• [WORK ORDER] The reply should contain all the data below, repeated exactly, and none of the images.

• [SOURCE DATA]

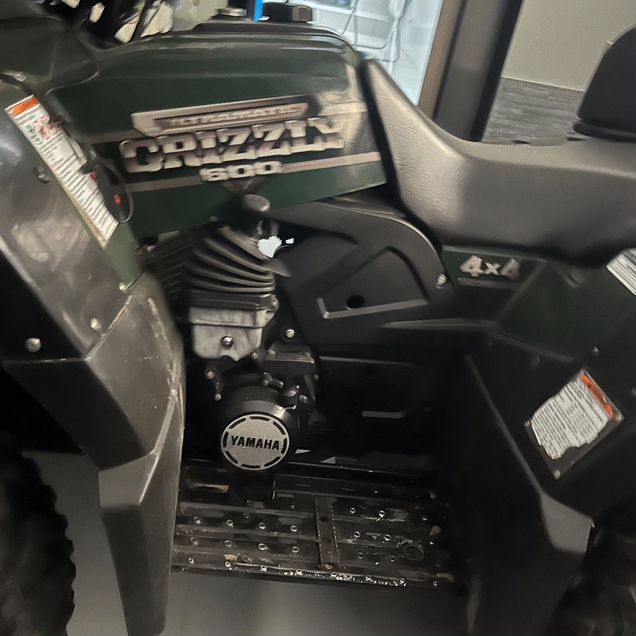 Yamaha Grizzly 600, 2016, 2 300 км
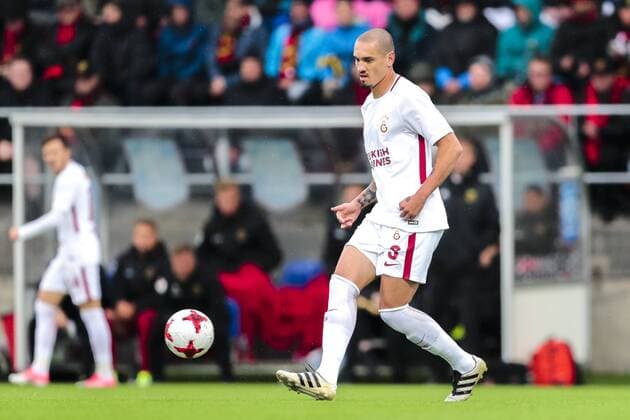 170713 galatasarays Maicon under fotbollsmatchen i kvalet till Europa League mellan Östersund och Galatasaray den 13 juli 2017 i Östersund.  Copyright: TOBIASxNYKÄNEN BB170713TN007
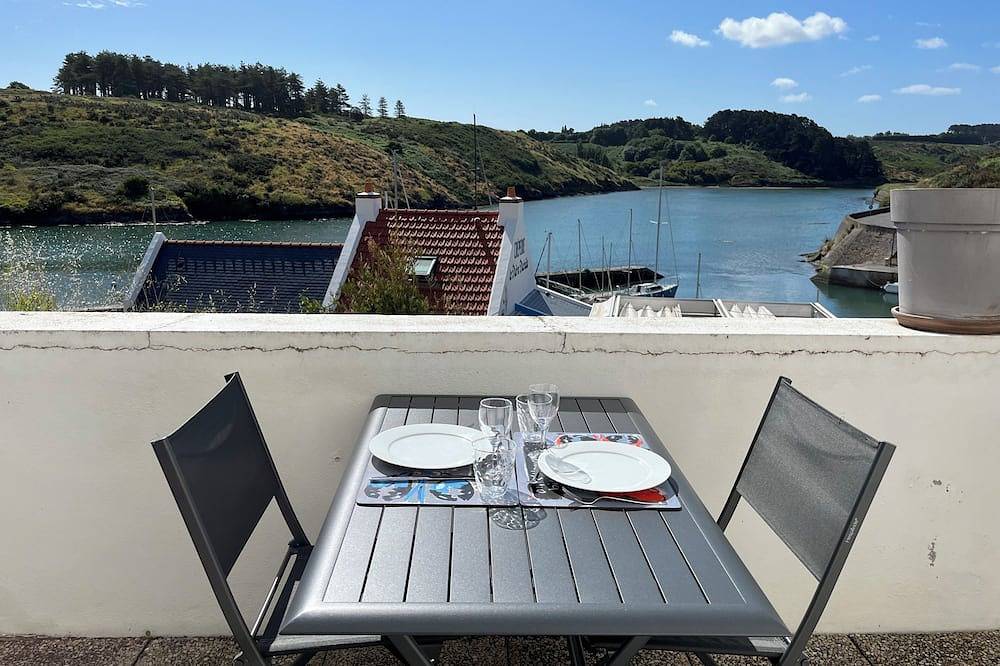 Ganze Wohnung, T2 apartment with terrace and view of Sauzon ria in Sauzon, Côte des Mégalithes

• [WRITTEN ANSWER]
 Yamaha Grizzly 600, 2016, 2 300 км
 170713 galatasarays Maicon under fotbollsmatchen i kvalet till Europa League mellan Östersund och Galatasaray den 13 juli 2017 i Östersund.  Copyright: TOBIASxNYKÄNEN BB170713TN007
 Ganze Wohnung, T2 apartment with terrace and view of Sauzon ria in Sauzon, Côte des Mégalithes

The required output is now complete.